With other benefits that are associated with digital transformation such as job creation and better services, internet penetration and digital finance should be increased across the continent. Strategic investments in digital infrastructure by governments, building local capacity are important steps in developing innovators, entrepreneurs and other skilled personnel that will drive Africa’s digital space without relying on other continents to help in achieving our goals pertaining to information and communications. There is, however, a little legal framework that exists in African countries to govern how data is used which is a key component of the digital revolution. Formulation and adoption of policies and legal provisions that protect digital participants such as cybersecurity regulations can encourage more entrants and create the competition that is required for vibrant economies. It is equally important to close the digital divide to address the slow adoption and use of digital technology in the continent.

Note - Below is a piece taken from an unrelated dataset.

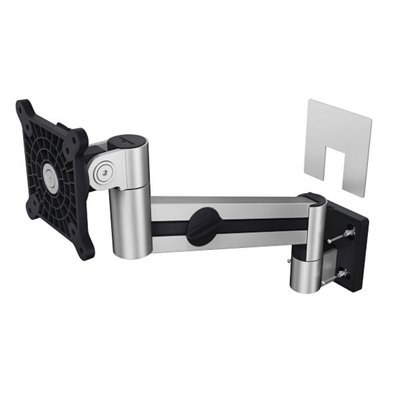 Monitorarm Durable met muurbevestiging voor 1 scherm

Some of the factors that are associated with economic resilience in sub-Saharan Africa include convergence, structural transformation, capital inflows, and public sector indebtedness and governance indicators. Convergence is the evidence of countries with lower levels of GDP per capita growing relatively faster than those with greater GDP per capita. On the other hand, structural transformation due to better resource allocation results in better productivity which fosters economic growth in the long run.

capital inflow in Sub-Saharan

There was a significant increase in gross capital inflows in sub-Saharan Africa for 7 years consecutively from 2008, a period that saw the region record economic growth also. Gross capital inflows are measured as GDP percentage and include local and foreign inflows. Foreign inflows include foreign direct investments (FDI) which is a part of international trade affairs. The effects of increased general government’s gross debt are a faster accumulation of foreign currency debt which can affect the country’s interest and currency exposure.

Sustainable economies can be built if resilience can be achieved. Although governance and ethical issues may significantly contribute to achieving such visions, it would be difficult to measure some issues quantitatively such as ethics. It is, however, a collective responsibility of nations and regions to lay strategies that will reduce the economic challenges Africa is facing by addressing the above issues. Failure to address them will likely result in unsustainable economic growth after short-term risks hit one or more economies.